By Chad Feehan
Local Journalism Initiative Reporter
October 20, 2023 Edition
Bay Roberts councillors returned last week to a topic that has bedeviled other councils at times – who should sit on what committee and for how long, and whether council should also meet as a committee of the whole.
Mayor Walter Yetman kicked off the conversation by referencing a previous agreement earlier in the council’s term to have a “bigger discussion about the committees structure and how the committees would be established for the next two years.”
Chief administrative officer Nigel Black detailed two previously discussed options: a revision of the standing committee structure, and a new committee of the whole system “similar to what’s used in the City of Corner Brook.”
A highlight of the system would be the appointment of an individual councillor as the lead council representative for each of the Town’s departments.
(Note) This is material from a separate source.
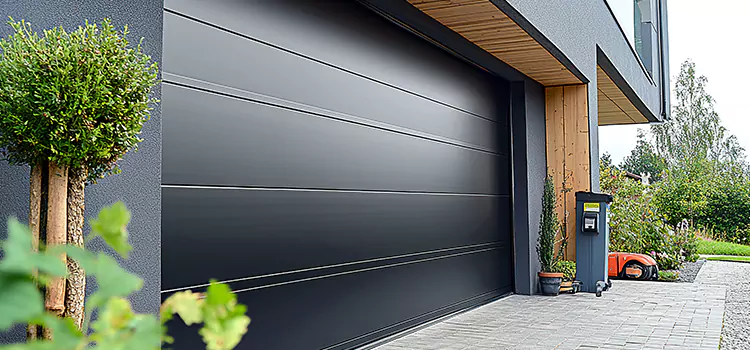 Residential Garage Door Service Pico Rivera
“The meeting will still have structure, and function similar to a council meeting but will be less formal and allow for more free discussion,” said Black.
Black had drafted a terms of reference reflecting the committee of the whole structure and a movement towards it “as was the direction given at that meeting.”
Also included in materials given to the council was a draft of the mayor’s appointments for the department leads and external organization appointments for 2023 into 2024. His recommendation was to adopt the committee of the whole terms of reference and council appointments policy.
Upon hearing the details of the change, Councillor Silas Badcock expressed a preference to discuss the entire matter in another meeting before moving forward. “It’s a big change to what we’ve done in the past,” Badcock said. “I think we need to have another meeting on it.”
Deputy Mayor Geoff Seymour acknowledged the need to make changes to make the committees “work better,” adding he was prepared to support previously discussed changes “if that was council’s will.”
Seymour was, however, disappointed to see preparations for such changes moving forward “without any consultations to the elected officials.”
“I thought in discussions last week part of the reasons for doing this was to alleviate some of the concerns council had in the past of not being involved, not being informed, not having a say, yet here we are in the same situation,” said the deputy mayor.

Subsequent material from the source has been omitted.